[Captioned web images]
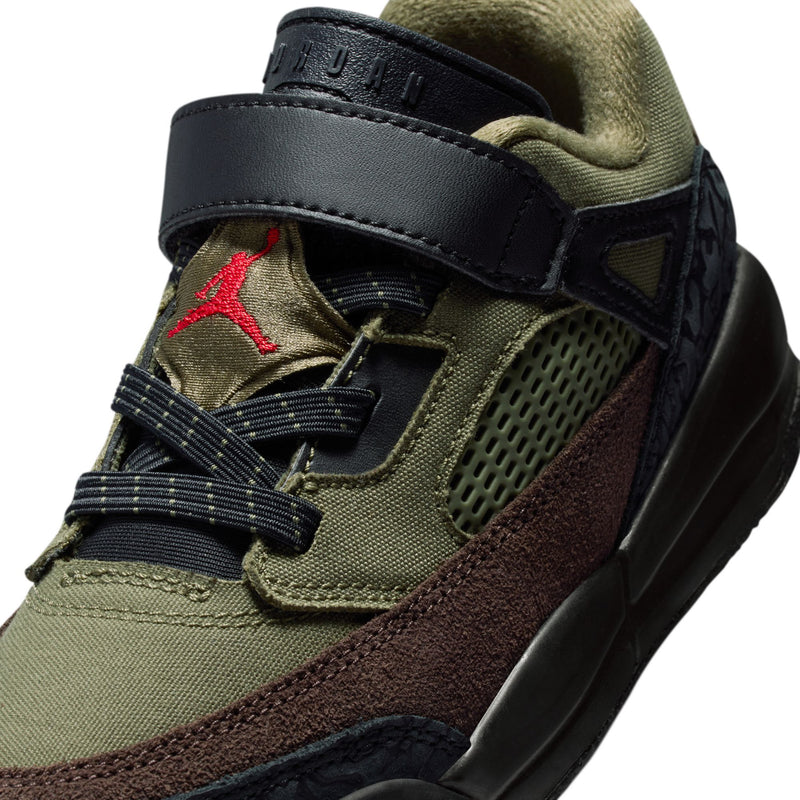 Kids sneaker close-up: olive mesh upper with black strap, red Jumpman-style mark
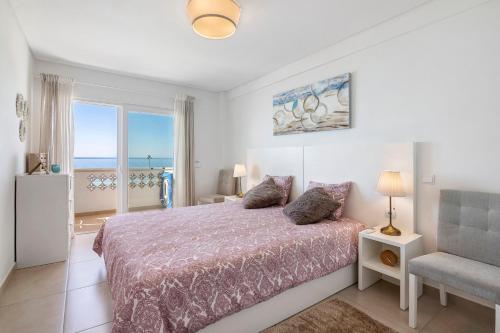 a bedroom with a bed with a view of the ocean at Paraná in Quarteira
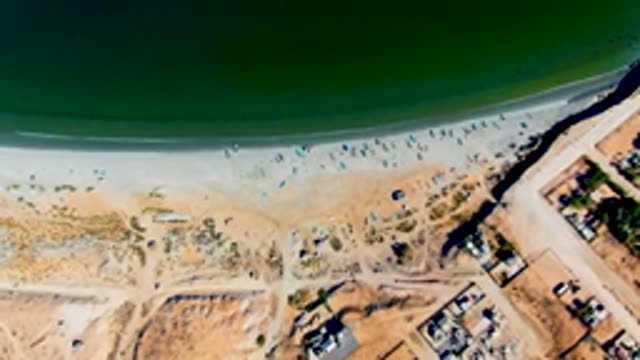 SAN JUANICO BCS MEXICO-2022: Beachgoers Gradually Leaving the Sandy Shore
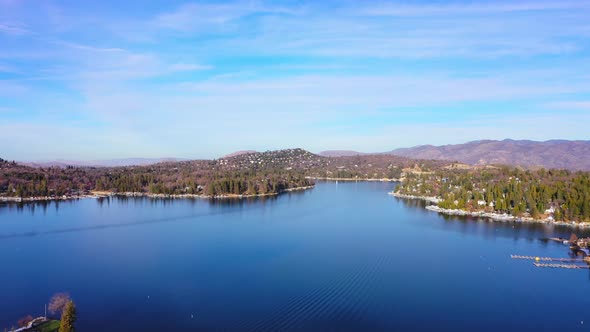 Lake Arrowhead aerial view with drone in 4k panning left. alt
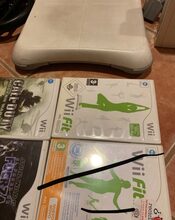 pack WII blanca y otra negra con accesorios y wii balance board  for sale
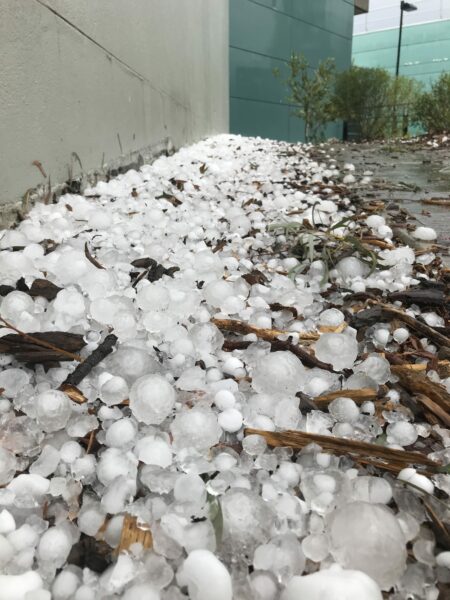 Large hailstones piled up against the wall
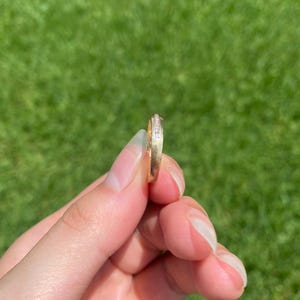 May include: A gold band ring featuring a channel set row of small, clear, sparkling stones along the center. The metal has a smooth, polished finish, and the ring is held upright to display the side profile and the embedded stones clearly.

PROBLEM STATEMENT
Reproduce the data above word for word from its first line through the line that holds "SAN JUANICO BCS", both ends included; skip pictures.

TASK RESPONSE
 Kids sneaker close-up: olive mesh upper with black strap, red Jumpman-style mark
 a bedroom with a bed with a view of the ocean at Paraná in Quarteira
 SAN JUANICO BCS MEXICO-2022: Beachgoers Gradually Leaving the Sandy Shore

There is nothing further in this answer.